An Argentine judge on Thursday ordered the arrest of former president Cristina Kirchner for allegedly covering up Iranian involvement in a 1994 bombing at a Buenos Aires Jewish center that left 85 people dead, according to a judicial source.

The order also removes the judicial immunity of Kirchner, who served as president from 2007-2015 and is now a senator.

She has previously called the case an "absurdity."

"As happens regularly in Argentina, the news was first leaked to the press and Cristina has not yet been notified," an aide to the former president told AFP.

The former president is accused of signing a deal with Tehran to allow Iranian officials suspected of ordering the attack on the Jewish center to be interviewed by Argentine magistrates in Tehran rather than in Buenos Aires.

Kirchner, 64, who had two four-year terms in office, is due to take her seat in the Senate next week after her election victory in October crowned a political comeback and granted her immunity from imprisonment in several corruption cases.

The Senate will now have to vote on lifting her immunity at the judge's request, for which a two-thirds majority is needed.

Kirchner's leftist alliance in the Senate has a total of 32 seats, but only around a dozen senators are in the Kirchner camp.

The center-right Cambiemos alliance of President Mauricio Macri has 25 seats in the upper house.

Judge Carlos Bonadio also ordered the arrest of former foreign minister Hector Timerman and several other former officials in the Kirchner governments.

The ex-head of the Federal Intelligence Agency, Oscar Parrilli, was ordered not to leave the country.

Bonadio took over the case after prosecutor Alberto Nisman, which was filed four days before his mysterious death on January 18, 2016.

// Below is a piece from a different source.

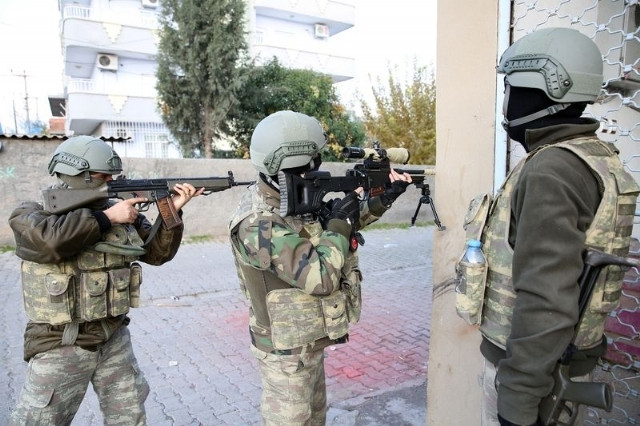 Silopi ve Cizre'deki operasyondan çarpıcı görüntüler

The Jewish center bombing case is the most serious before Kirchner, who is facing trial in several other cases involving corruption and money-laundering stemming from her years as president.

Several prominent members of her former government have been detained on corruption charges in recent weeks, including ex-public works minister Julio De Vido and Amado Boudou, Kirchner's vice-president from 2011-2015.